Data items
[Start of section]

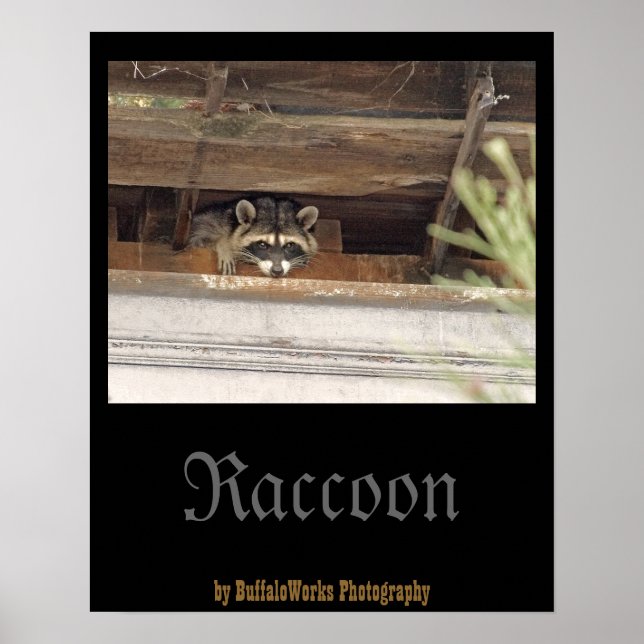 Roofie Raccoon Poster (Front)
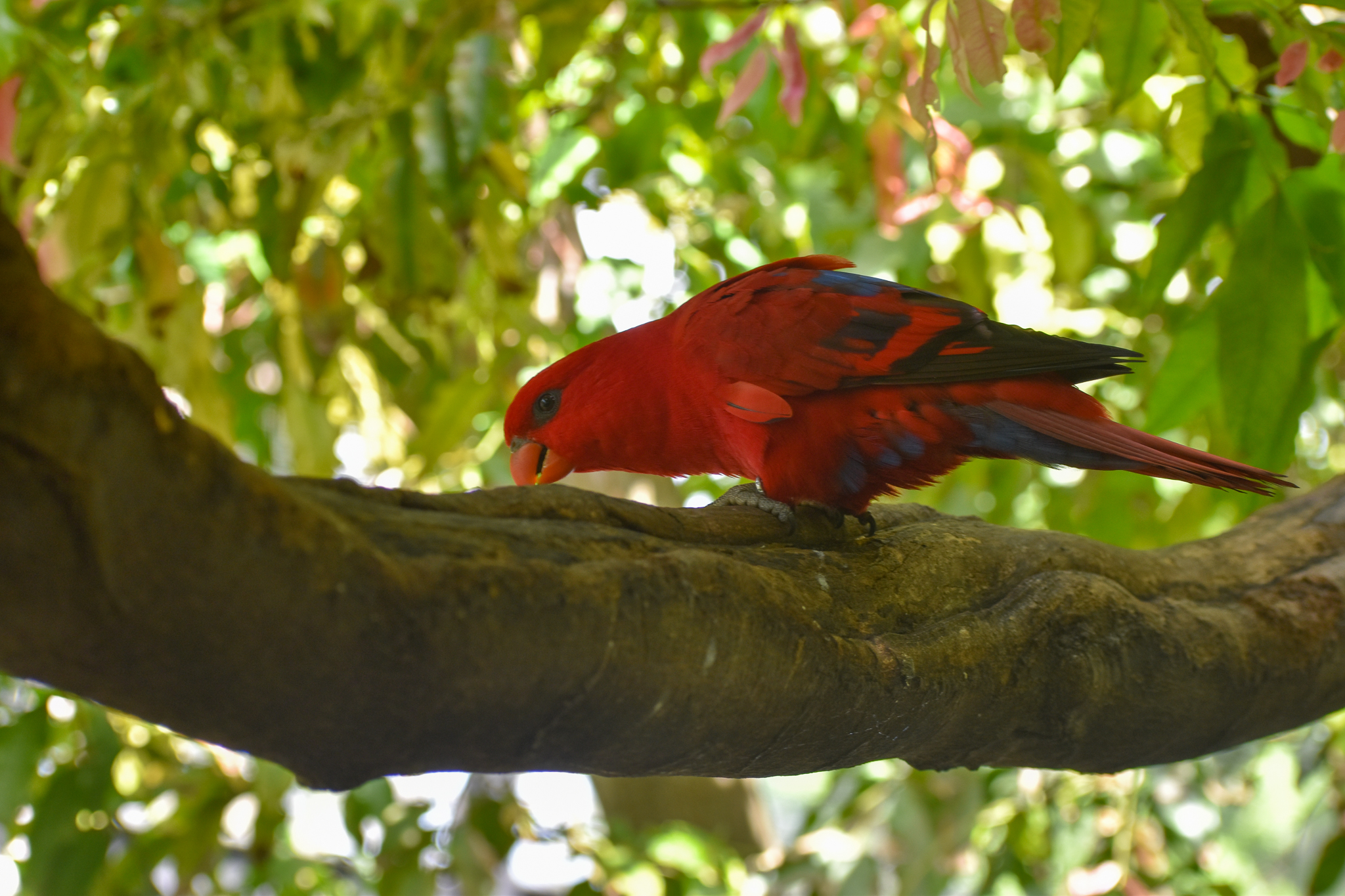 Red Lory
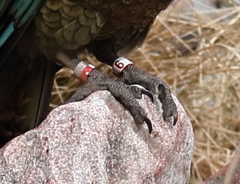 Nestor notabilis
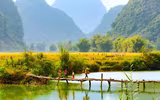 Mùa vàng Phong Nậm 
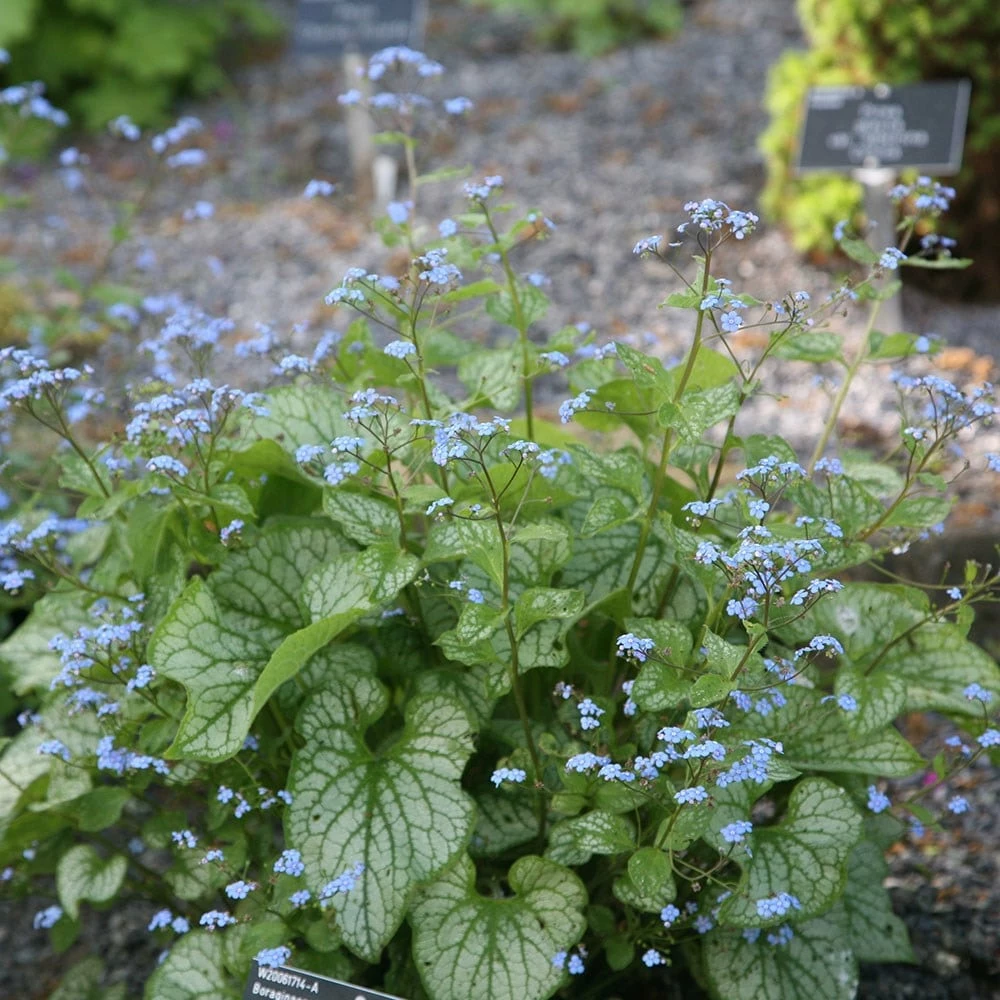 Brunnera Macrophylla 'Jack Frost' (PBR) 4 Brunnera Macrophylla 'Jack Frost' (PBR) - Image 2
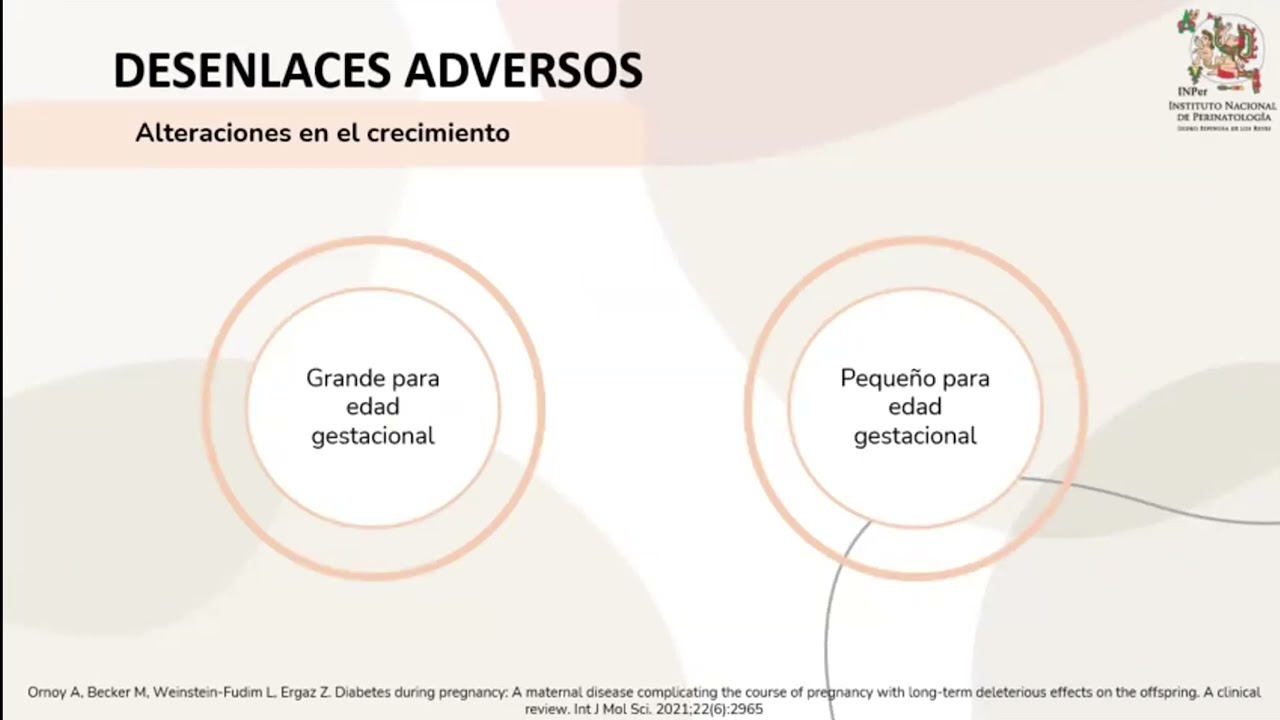 Manejo solo obstétrico de embarazo complicado con Diabetes Mellitus Tipo 2, Dra. Daniela Barbato S.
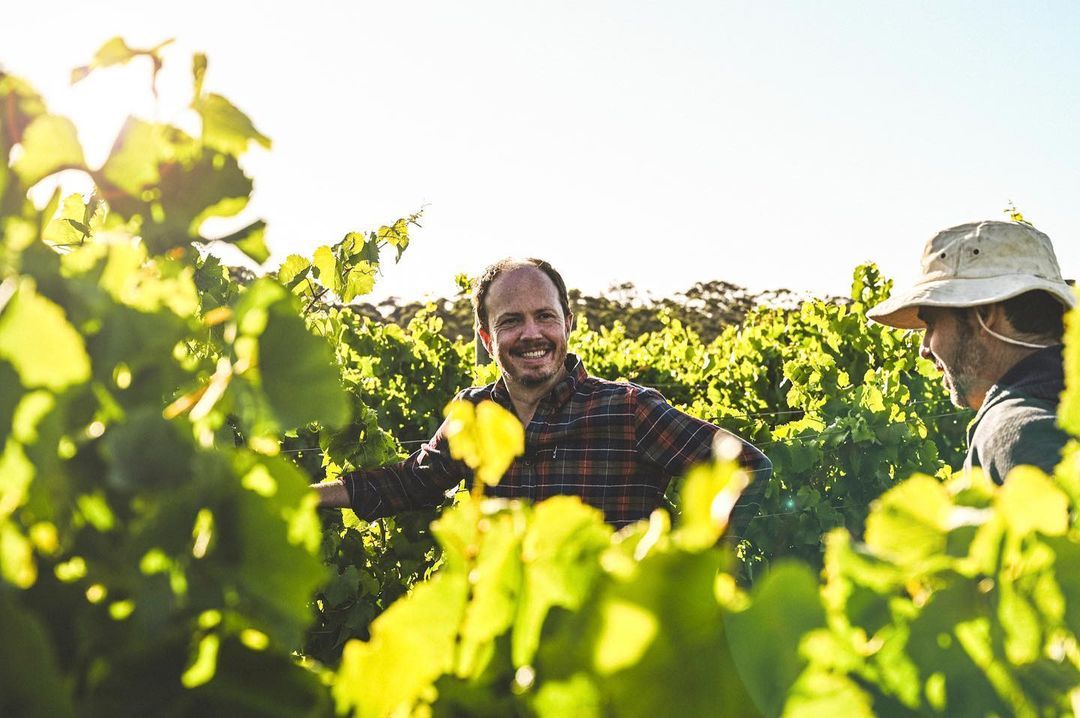How Voyager Estate is going organic in Margaret River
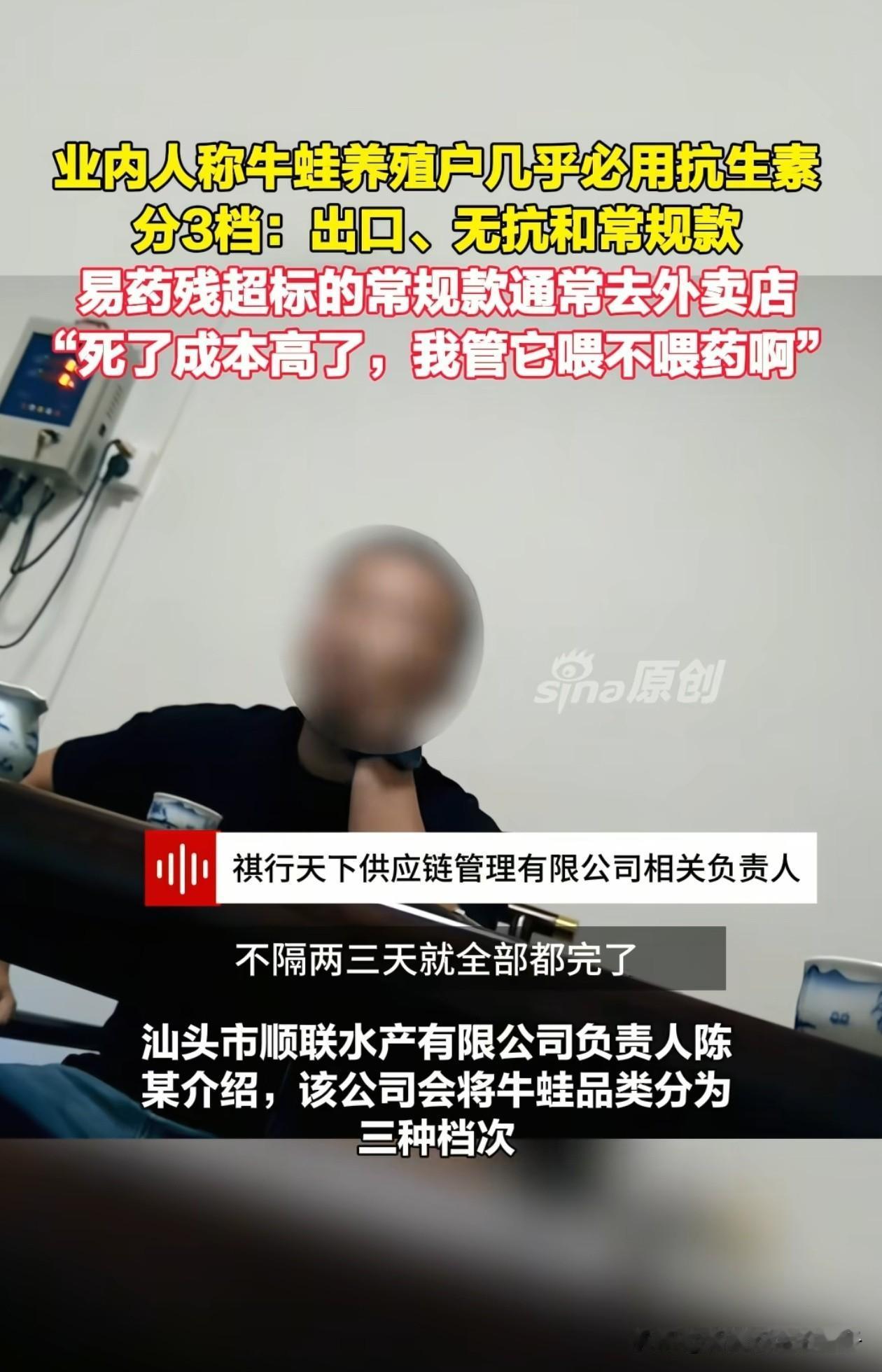 一觉醒来，爱吃牛蛙的人天塌了！福建漳州，据水产公司负责人透露，养殖牛蛙抗生素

[End of section]

> PROMPT: Leave every picture out and return exactly the lines from the one holding "Brunnera Macrophylla 'Jack Frost' (PBR) 4" through the end of the records above, both ends included, and nothing more.

> RESPONSE:
 Brunnera Macrophylla 'Jack Frost' (PBR) 4 Brunnera Macrophylla 'Jack Frost' (PBR) - Image 2
 Manejo solo obstétrico de embarazo complicado con Diabetes Mellitus Tipo 2, Dra. Daniela Barbato S.
How Voyager Estate is going organic in Margaret River
 一觉醒来，爱吃牛蛙的人天塌了！福建漳州，据水产公司负责人透露，养殖牛蛙抗生素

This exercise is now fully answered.